Pour utiliser au mieux les énergies renouvelables, diminuer les consommations d’énergie tout en préparant l’arrivée des véhicules électriques, le réseau électrique doit devenir « intelligent ». Le point sur les expériences en cours.

© Renard

Imaginez-vous dans une dizaine ou une vingtaine d’années. Vous revenez du travail, vous garez votre voiture électrique et la branchez immédiatement pour la recharger. Puis vous rentrez chez vous, allumez les lumières et le four pour préparer le repas du soir. Au même moment, des millions de personnes font la même chose, créant une forte demande d’électricité, un « pic de consommation ». Manque de chance, le vent est tombé et les éoliennes, qui représentent en 2025 une part non négligeable de l’électricité française, sont quasi à l’arrêt. Les panneaux photovoltaïques ne fonctionnent pas non plus, car il fait nuit. Comment éviter le black-out ? La réponse pourrait être : le Smart Grid, ou « réseau intelligent ».

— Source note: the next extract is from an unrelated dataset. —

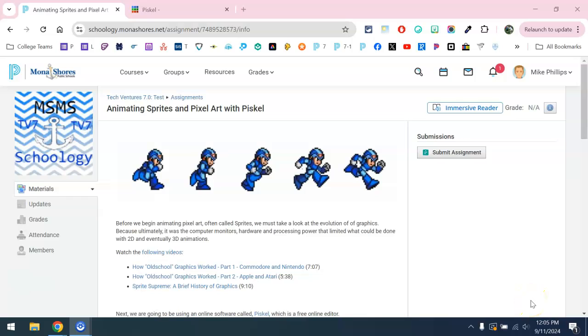In this video, we're going to take a look at how to submit my PISKEL sprite to a Schoology assignment.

D’où provient l’électricité ?

En France, près de 80 % de l’électricité provient des centrales nucléaires. Elles fournissent l’électricité dite « de base », régulière et continue. C’est aussi le cas des centrales thermiques au charbon. Lorsque la demande excède cette base, d’autres moyens de production entrent en jeu. Certains sont capables de réagir en quelques heures, comme les centrales au fioul, d’autres en quelques minutes, comme les centrales au gaz. Enfin, l’hydroélectricité, extrêmement flexible, permet de répondre aux variations de la demande en quelques secondes. Quant aux énergies renouvelables intermittentes (éolien et solaire), leur production est liée aux conditions météorologiques.

Les enjeux du Smart Grid

Aux États-Unis en 1919, une automobile électrique en charge... Une voiture en 1900 © Cress-Dale Photo Co, Seattle / Domaine public

L’idée est simple : différer les demandes d’électricité non urgentes pour répartir les consommations et éviter le black-out. Par exemple, si vous ne reprenez la voiture que le lendemain, peu importe qu’elle se recharge dès 19h ou à partir de 2h du matin, pourvu qu’elle soit prête au moment où vous partez. De même, le chauffage peut se mettre en route quelques minutes plus tard sans que les occupants ne le ressentent. En revanche, l’éclairage ou la télévision ne seraient pas concernés par ces reports. Et l’usager pourrait à tout moment reprendre la main sur ses consommations, par exemple en rechargeant sa voiture dès son arrivée chez lui s’il compte ressortir. Enfin, « le Smart Grid, en limitant les pics de consommation, permet de réduire le recours aux centrales électriques à gaz ou au fioul, donc de réduire les émissions de CO2 dues à la production d’électricité », indique Daniel Clément, directeur scientifique adjoint de l’Agence de l’environnement et de la maîtrise de l’énergie (Ademe).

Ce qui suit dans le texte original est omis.